When they're not lending, banks typically subsist on a diet heavy in government-backed mortgage bonds: debt issued or guaranteed by Fannie Mae, Freddie Mac and Ginnie Mae accounted for more than half of bank securities portfolios at yearend, according to data from the Federal Deposit Insurance Corp.

Most of the biggest banks fit the profile. Such instruments increased 20 percentage points from the end of 2007 to 82% of U.S. Bancorp's (USB) $74 billion securities book as of the first quarter, for instance. Meanwhile, U.S. Bancorp reduced its holdings of mortgage bonds without federal guarantees by 8 percentage points, to 2% of the portfolio.

Similarly, Bank of America (BAC) has maneuvered away from the private-label mortgage bonds that built up on its balance sheet during the housing bubble. Agency debt now makes up about 76% of its holdings. Treasuries make up another 11%.

(The data here does not include trading books, where banks take positions to try to profit from short-term price movements. Such assets totaled $716 billion across the industry at yearend, compared with $2.9 trillion of securities in different buckets.)

JPMorgan Chase, however, has moved in the opposite direction, piling into private-label mortgage bonds and foreign securities as agency debt fell by 49 percentage points from the end of 2007 to 29% of its $379 billion securities portfolio as of the first quarter.

Most of the firm's securities are housed in its Chief Investment Office, the site of a disastrous derivatives strategy that CEO Jamie Dimon said this month was designed to hedge against credit losses but "morphed" into something else.

Dimon said the play, which stands to create billions of dollars of losses, was tied to the company's "overall credit exposure." It would be a leap to infer that it was a natural corollary to JPMorgan Chase's unorthodox securities mix.

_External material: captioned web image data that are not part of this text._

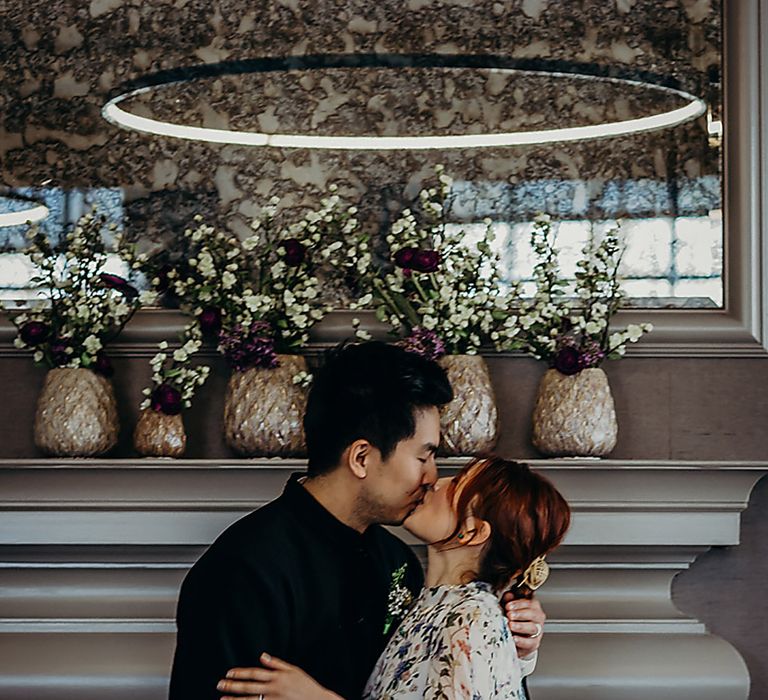 East Asian groom kissing his bride in a short floral wedding dress in front of a fireplace at Old Marylebone Town Hall 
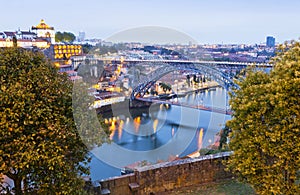 Evening view of Dom Luis I Bridge and Duoro river, Porto, Portug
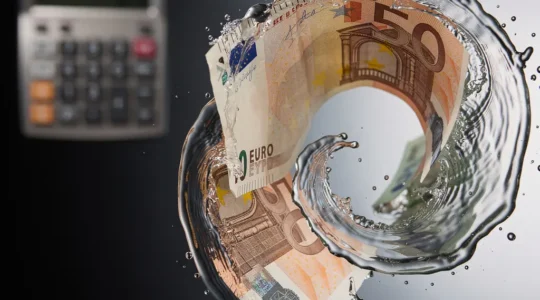 Billets d'euros partiellement dissous dans une spirale d'eau tourbillonnante, avec une calculatrice floue en arrière-plan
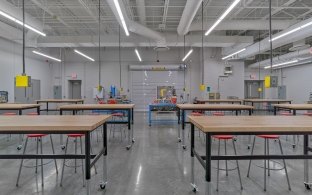 Buena Vista High School classroom interior with high tables, stools and hanging electrical outlets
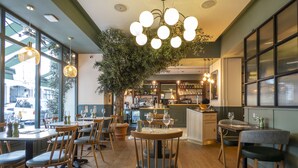 A restaurant interior with wooden tables and chairs, a central plant, and a bar area.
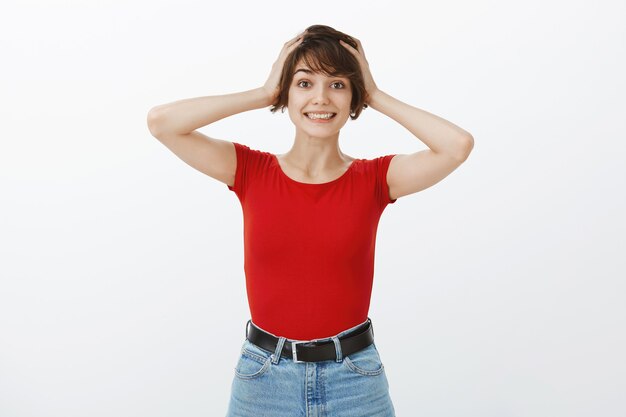 Surprised and excited woman grab head in amazement and smiling cheerful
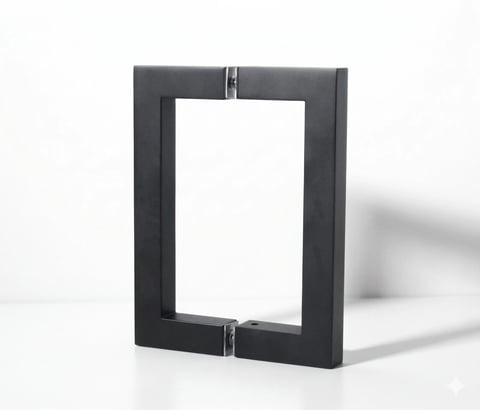 Black metal picture frame with open interior and metal clasps, casting a shadow on white background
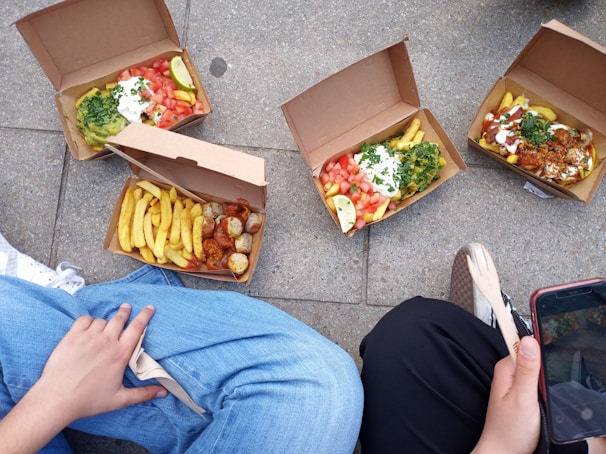 Several open cardboard boxes containing meals with fries, salad, sauces, and various toppings are placed on the ground. Two people are sitting nearby, each partially visible. One person is holding a wooden fork, and the other has a smartphone. The meals appear to be diverse in color and composition.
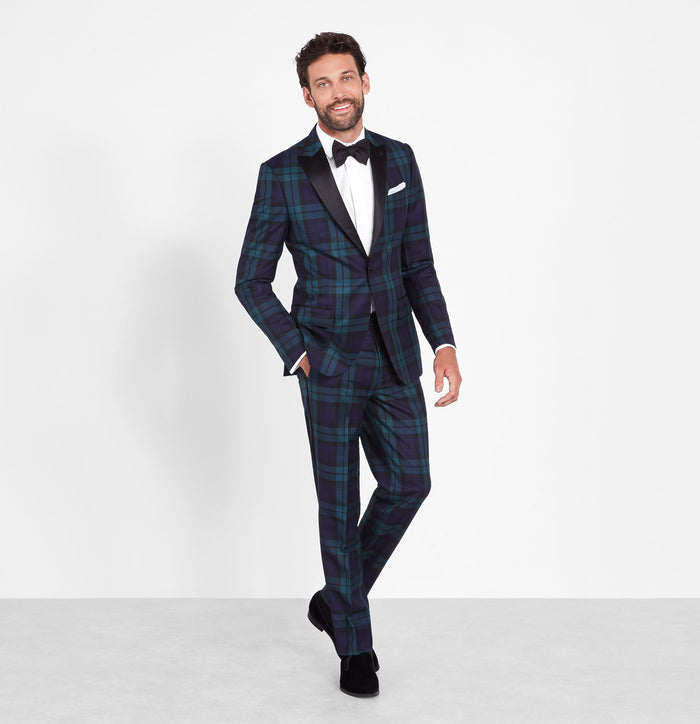 Man in a black watch tartan tuxedo, full-length front view, white background.
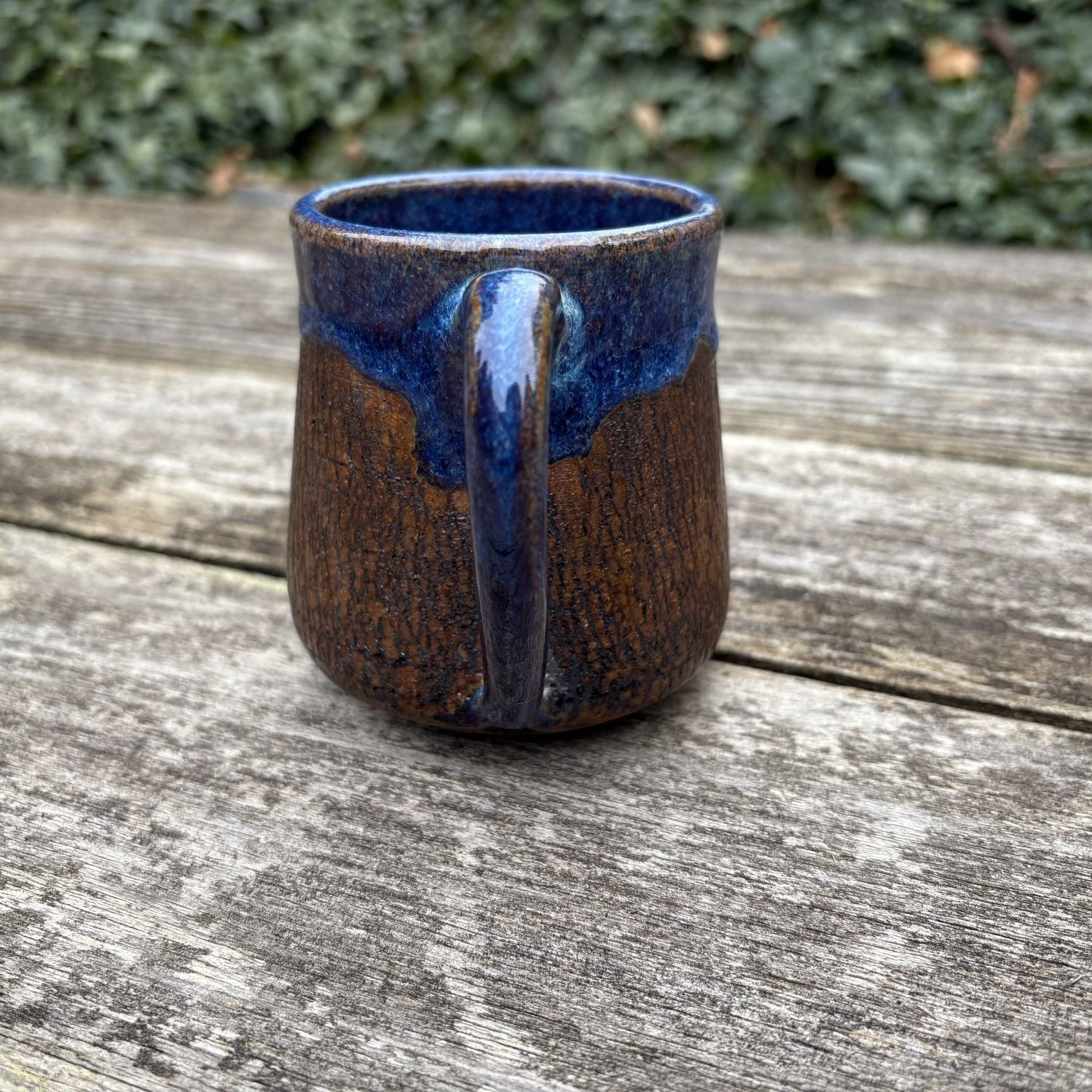 Rear profile of mug, crackle textured exterior with deep blue rutile glazing on rim and handle centered..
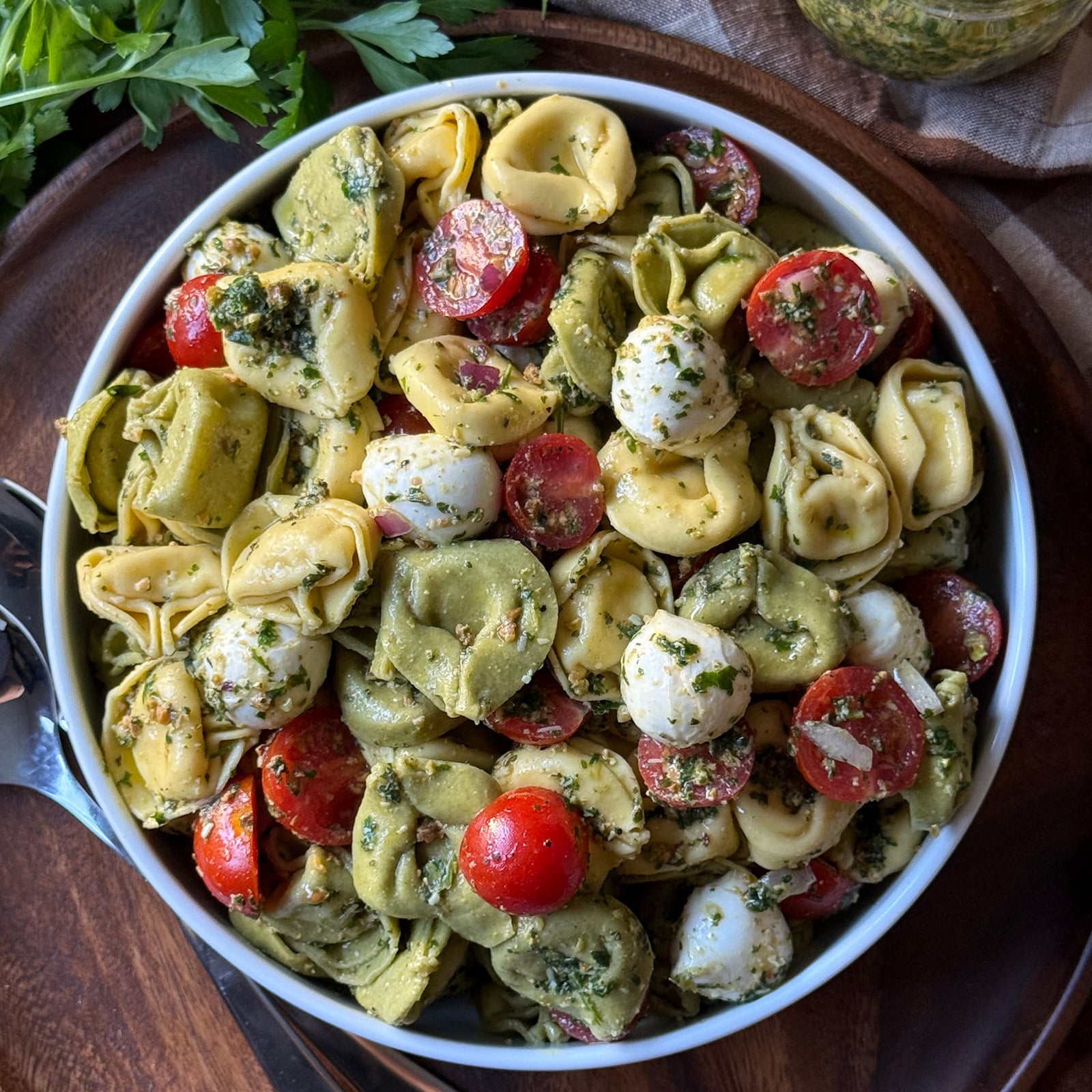 Overhead shot of a white bowl filled with Tortellini Pasta Salad with Pesto, showing tri-color tortellini, cherry tomatoes, mozzarella balls, and fresh parsley coated in mint pesto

Still, credit risk is generally not an issue with debt backed by the United States, and Dimon said the makeup of the securities portfolio allowed his company to invest at higher rates while keeping maturities short and defending against the "fat tail" risk of a spike in interest rates.

To be clear: There are divergences in other banks' investment strategies.

While Citigroup (NYSE: C) has replaced private-label mortgage bonds with agency debt, foreign securities continue to occupy an unusually large position on its books, for example.

Moreover, all banks face the challenge of searching for yield while keeping duration profiles trim amid soft loan demand.

If JPMorgan Chase can slip up — particularly during a period of relative market tranquility — anyone can.

But it likely won't be in the same way.